After marrying and having a son, the pair settled in a cozy wooden cottage overlooking a dense hectare of Arabica shrubs. French colons brought these coffee varietals to Vietnam over a century ago, but they’re only now being re-discovered by aficionados all over the world.

Despite the ideal soil and altitude, coffee has proven a tough business in Lac Duong: predatory middle-men offer loans of fertilizer and cash as a tactic to snatch up land, and bandits can make off with a hectare’s-worth of fruiting shrubs in a single night-time raid.

Two years ago, Guikema and Co Lieng bought her family members out of debt and formed their own collective. During picking season, you can strap on a basket and help harvest coffee cherries that get pulped and dried on-premise. During the low season, you can watch members of the family weave traditional blankets, shawls and baby slings on a hand loom.

Best of all, you can sit down to a thick, rich cup of mud prepared in a French press as you plan your day. There’s nothing to stop you setting off on a bracing hike. But, on the other hand… there’s a guy around the corner from Sun Valley, Idaho, who stokes his Neapolitan pizza oven with wood from old coffee shrubs.

You’ll want to call K’Be BBQ (I) to make sure the oven’s hot. If it is, head in for the $5 pizzas or a local yardbird, roasted—head, feet and all—in foil.

As the sun goes down, K’Be’s picnic tables typically fill with local guides carrying plastic bags of cold beer in from across the street—fuel for long talks in a patois that few beyond the village gate would understand.

This is the time to plan your ambitious multi-day ascent to the highest point in the nearby national park. One that will involve shocking feats of physical strength and spiritual endurance.
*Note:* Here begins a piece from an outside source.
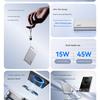 La caratteristica principale del power bank wireless RedMagic 10000 mAh è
A trip that will bring you to peaks so high, you’ll disappear into the clouds above them.

Practicalities
Devouring Dalat Guide
View on Google Maps

Getting There: To get to Dalat take the bus. Two companies offer hourly rides out of Saigon, both of which require medication. You can also fly.

Getting Around: If you’re truly fit and restless, you may wish to walk or bicycle most of this route — so long as you don’t mind hills.
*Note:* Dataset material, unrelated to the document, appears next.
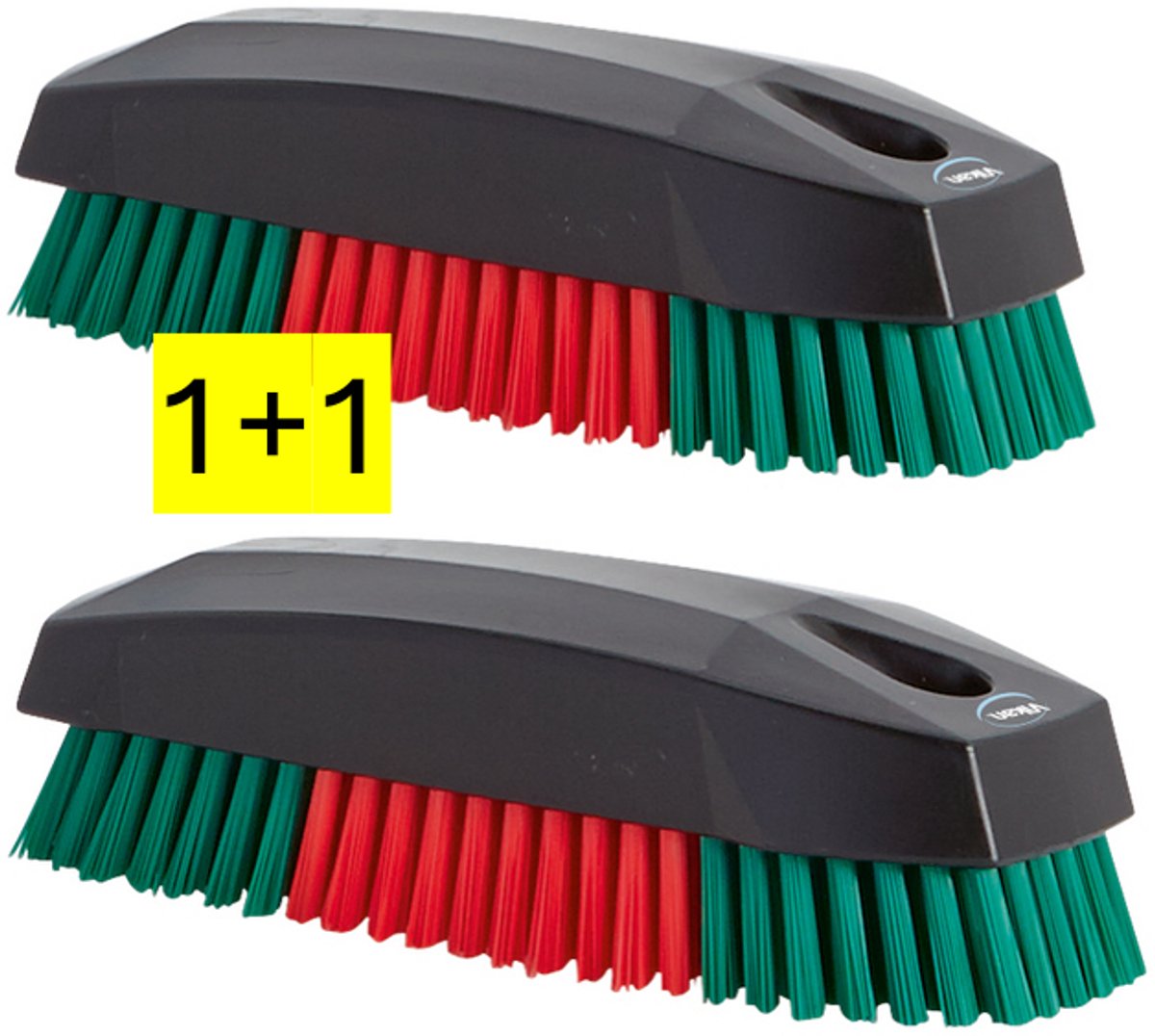Nagelborstel Vikan hard 130mm - Mix - 1+1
Lazier souls can hire a xe ôm (motorcycle taxi) to most any destination on the eating map for $5 or less, with the exception of the outlying spots, which cost more. Actual taxis cost roughly 50 cents a kilometer.

The least safe and most fun way to go is to rent your own small-engine motorbike for around $5 a day. (Vietnam will soon begin recognizing international motorcycle driver’s licenses.)

Camping and Picking Coffee: Because K’ho Coffee is headquartered in a home with a (very cute) baby in it, you’ll want to call or email ahead to set up a visit. The more notice, the better.

Likewise with your triumphant hike through the National Park for which you’ll need nothing more than a small flashlight, some warm clothes and money. The park has a headquarters in Dalat where you can arrange to rent tents, sleeping bags, guides, food and transportation to a trail head. Call or email ahead to work out particulars.